The host establishes a client connection to an authorized server.
Client and server negotiate supported capabilities.
The host shows the model which capabilities are available.
The model selects a relevant capability.
The host can request approval before a sensitive action.
The server validates and performs the allowed operation.
The model uses the structured result to continue.
MCP uses JSON-RPC at the data layer. The architecture supports local standard-input/output connections and remote Streamable HTTP connections. A connection is not permission to expose everything.
MCP server vs API
Question | Traditional API | MCP server |
|---|---|---|
Primary consumer | Application code | AI hosts and agents |
Discovery | Developer reads documentation | Client inspects capabilities |
Inputs | Endpoint-specific requests | Protocol tools, resources and prompts |
User interaction | Designed by each app | Coordinated by the host |
Model use | Custom orchestration | Model-accessible capabilities |
MCP does not replace APIs. A server often wraps an existing API and presents a discoverable, model-friendly interface with clearer capability boundaries.
Local vs remote MCP servers
A local MCP server runs on the user’s machine, commonly using standard input/output. It suits local files and developer tools.
A remote MCP server runs as a service and is commonly reached over Streamable HTTP. It suits shared systems, cloud data, and centrally managed integrations.
Use local execution for machine-specific capabilities.
Use remote execution when people or agents need the same governed service.
Do not turn a local convenience into a shared system without authentication, auditability, scoping and revocation.
Real-world examples
A workspace server
A workspace server can let outside agents search, read, create and update shared resources. Dokki scopes an MCP connection to one workspace, where supported clients can work with documents, tables and search within granted access. Agent output becomes reviewable team work rather than an isolated chat transcript.
A browser automation server
A browser or Playwright server can expose navigation, page inspection, interaction and screenshots. An agent can gather evidence and hand findings to a workspace for review and publishing.
A project-management server
A project server can expose issues, projects, comments and status updates.

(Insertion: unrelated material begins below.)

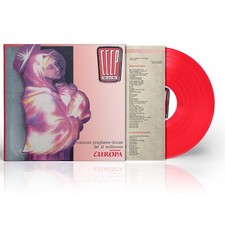 CCCP – Fedeli A CANZONI PREGHIERE DANZE DEL II MILLENNIO - SEZIONE EUROPA (VINIL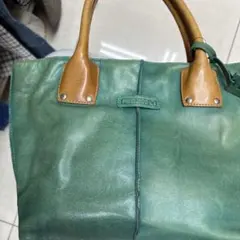 【レア】♡pikolinos ピコリノス トートバッグ　レザー　レトロ♡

A research agent can turn an approved brief into traceable tasks.
A database server
A database server may expose schema inspection and controlled queries. Production use should narrowly scope permissions and avoid unrestricted write access.
What an MCP server is not
It is not the model, automatically an autonomous agent, a guarantee that a tool is safe, unrestricted access to connected systems, or a replacement for authentication, authorization, consent and audit logs.
Security checklist
What exact resources and tools are exposed?
Is access read-only or state-changing?
Is it scoped to one user, project or workspace?
How are credentials stored and revoked?
Does the host show inputs before sensitive actions?
Are actions logged?
Can untrusted content influence tool calls?
What data leaves the device or organization?
Can the server reach unrelated data?
What happens when the connection is removed?
The safest useful server is the one with the narrowest access that can complete the task.
When should a team use MCP?
Use it when multiple AI clients need the same systems, capabilities need structured descriptions, access must be scoped and revocable, or agent work must land in a shared, reviewable system. A direct API integration may remain simpler for one fixed application with a narrow workflow.
A practical team workflow
A browser server gathers current public evidence.
A workspace server stores sources and findings.
A research agent drafts a shared brief.
A human reviews claims and positioning.
A project server creates approved tasks.
The team publishes the final article.
The improvement is not merely that the model has more tools. Research, decisions, edits and handoffs remain visible.
Frequently asked questions
What does MCP stand for?
MCP means Model Context Protocol, an open standard for connecting AI applications to external systems such as data sources, tools and workflows.
Is an MCP server an AI agent?
No. A server exposes capabilities. An agent combines a model, instructions, context, tools and a control loop. An agent may use several servers.
Must an MCP server run remotely?
No. Servers can run locally or remotely. Local servers often use standard input/output; remote servers commonly use Streamable HTTP.
Can multiple AI products use the same server?
Potentially, if each host supports the required transport, capabilities and authentication. Verify current client documentation.
Are MCP servers safe?
They can be operated safely, but the protocol does not make every server trustworthy. Evaluate source, permissions, credentials, scoping, logging, consent and tool impact.
Give agents a shared place to work
Connecting tools is only half the problem. Teams need a place where agent research, drafts, approvals and deliverables remain visible and editable.
Dokki gives people and agents the same documents, tables, search, permissions and publishable outputs. External agents can connect to a scoped workspace over MCP, so tool results become team-owned work.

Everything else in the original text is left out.